What is Customized Academic Learning (CAL)?

Effective Fall 2023, Hopkins transitioned to using the term “Customized Academic Learning” in place of the term “Independent Academic Work” (IAW). One’s approved Research, Internship or Independent Study courses all fall under the umbrella title of Customized Academic Learning. Please bear with us as we update forms and websites transition to the new CAL term.

How many total credits may I earn for research, internship, or independent study?

You may earn up to 6 credits of “independent work” per academic year. The academic year begins in the summer, and you can register for up to 3 credits of independent work in the summer, fall, intersession, or spring terms until the 6-credit limit is reached. Internships for credit earn 1 credit per term and count toward the 6-credit maximum of independent work per academic year. There is no limit on how many independent work credits you may use toward your total credits required for graduation.

How do I register to receive credit for research, internship, or independent study?

You must submit an “Independent Academic Work Form”. The form is available in SIS/Online Forms. Please refer to these instructions before completing the online IAW form. You will be required to have a faculty sponsor (see directly below). The Registrar’s Office posts the deadlines to apply for research, internship, or independent study on their Undergraduate Registration page.

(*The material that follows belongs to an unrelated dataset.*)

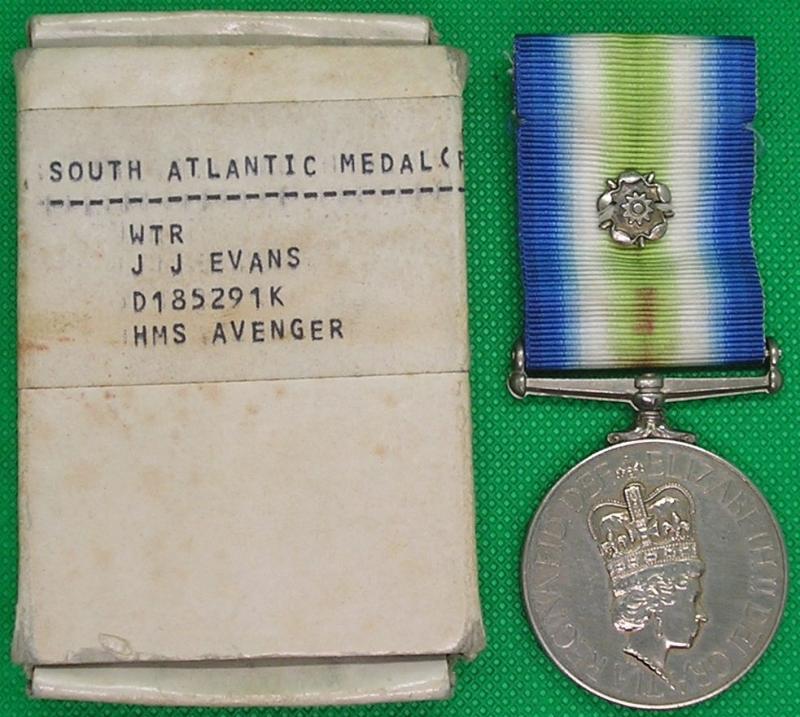 1982 SOUTH ATLANTIC MEDAL, HMS AVENGER, WITH BOX OF ISSUE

What is a faculty sponsor?

A faculty sponsor is a full-time tenured or tenure-track faculty member in KSAS or WSE or another ASEN faculty member specifically designated to serve as a faculty sponsor. Your faculty sponsor is responsible for determining the appropriate academic product you will submit for grading and will submit your grade and award credits at the end of the term. The academic product you will produce is determined at the time of registration, not after you have completed the experience.

I did some independent work over the summer but I was not registered for it and I was not paid. Can I add it to my fall schedule?

No. Independent work is just like a class; you are expected to register for it and do the work during the term you are registered. At the end of the term, you must submit an appropriate academic product for grading so that credit may be awarded.

Do I have to pay to register for independent work in the summer?

No. You are not charged tuition for registering for research, internship, or independent study credits during the summer. During the fall and spring semesters, part-time students do pay for the credits they earn through independent work.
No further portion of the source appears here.